[Captioned web images]

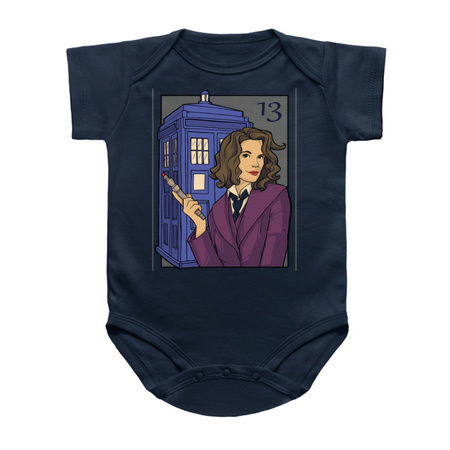 13th Doctor tiny thumbnail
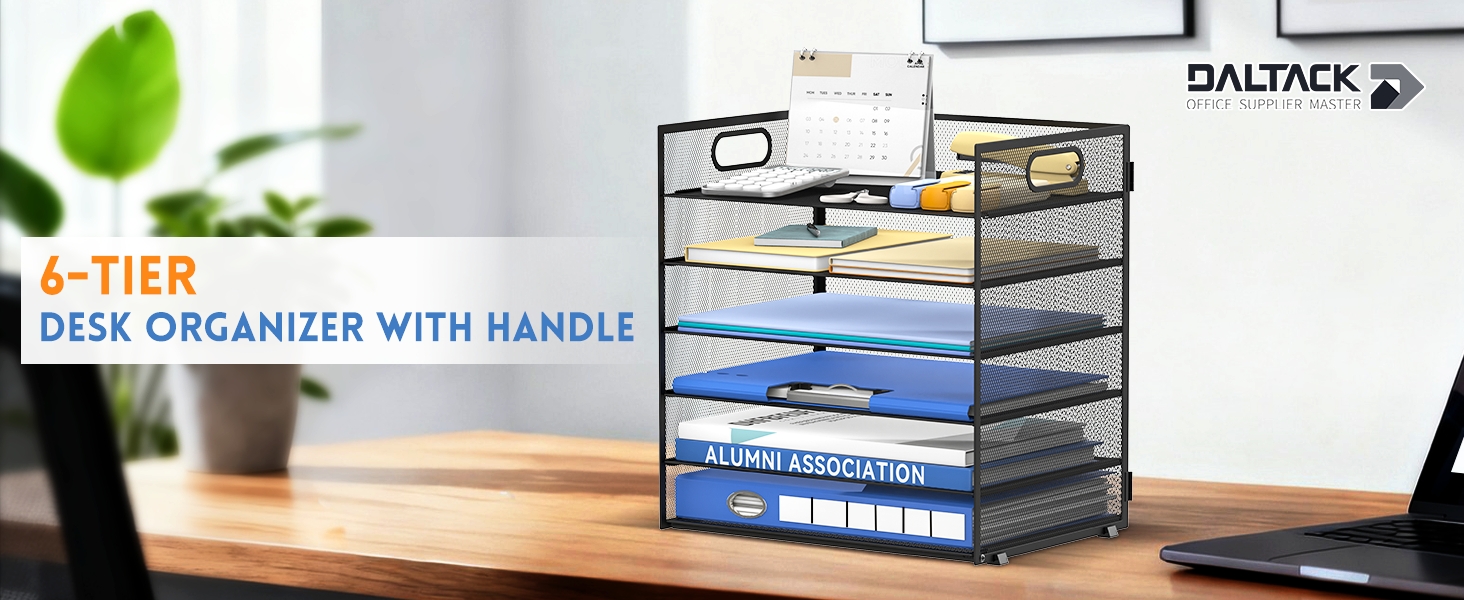 desk organizer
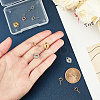 304 Stainless Steel Charms STAS-UN0012-02M-2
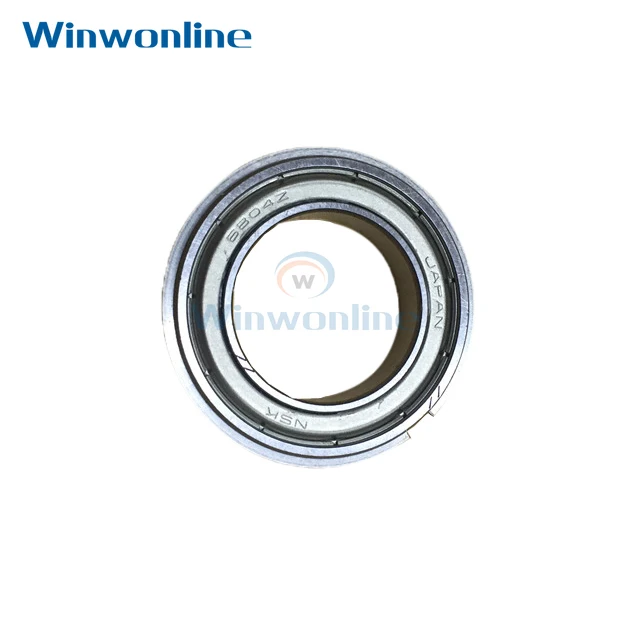 Фиксирующий подшипник 56UA75070 для Konica Minolta Bizhub C5501 C5500 C6501 C6000 C6500 C7000 1 шт. | Компьютеры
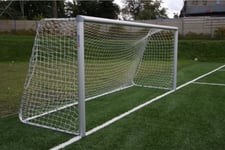 Fotbollsnät 5X2x0,8X1,5M /Pe 3/ Netex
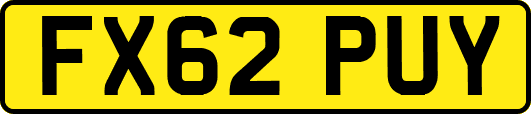 FX62PUY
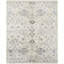 Handmade Wool Oriental Area Rug-1354249254
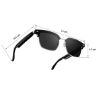 Picture of Fashion smart bluetooth half frame glasses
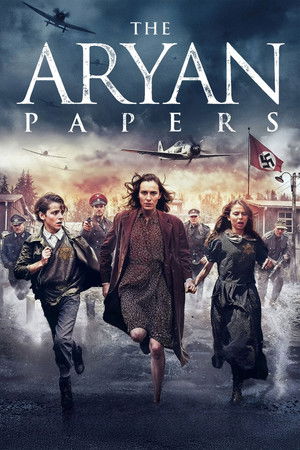 Nonton The Aryan Papers Gratis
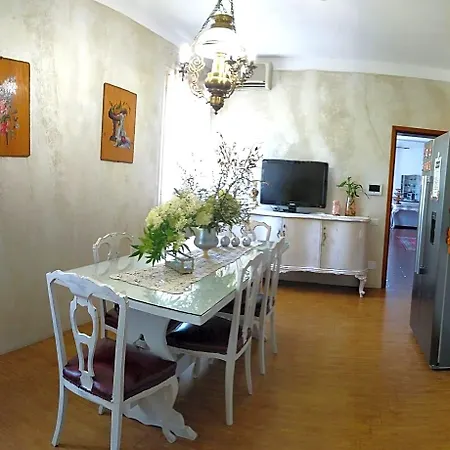 Villa Molinella 3*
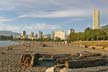 English Bay Beach, Summer Time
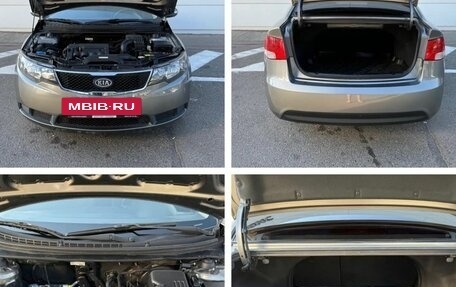KIA Cerato III, 2009 год, 780 000 рублей, 9 фотография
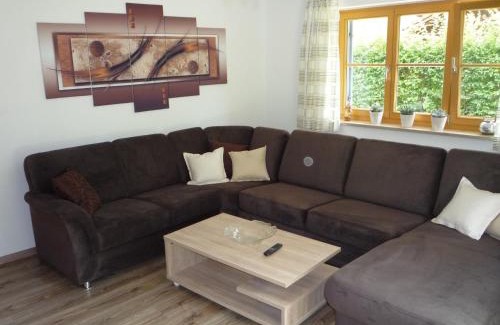 Heitlern Apartment | Ferienwohnung Aletsee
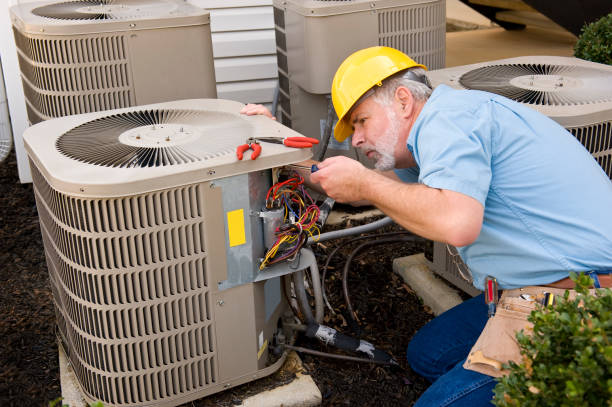 Best Thermostats and Smart Controls in Lochearn, MD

◆ **BRIEF**: Extract exactly the lines from the one containing "KIA Cerato III, 2009" through the last line of the records above, both included, and leave out the pictures.

◆ **RESULT OF THIS TASK**:
KIA Cerato III, 2009 год, 780 000 рублей, 9 фотография
 Heitlern Apartment | Ferienwohnung Aletsee
 Best Thermostats and Smart Controls in Lochearn, MD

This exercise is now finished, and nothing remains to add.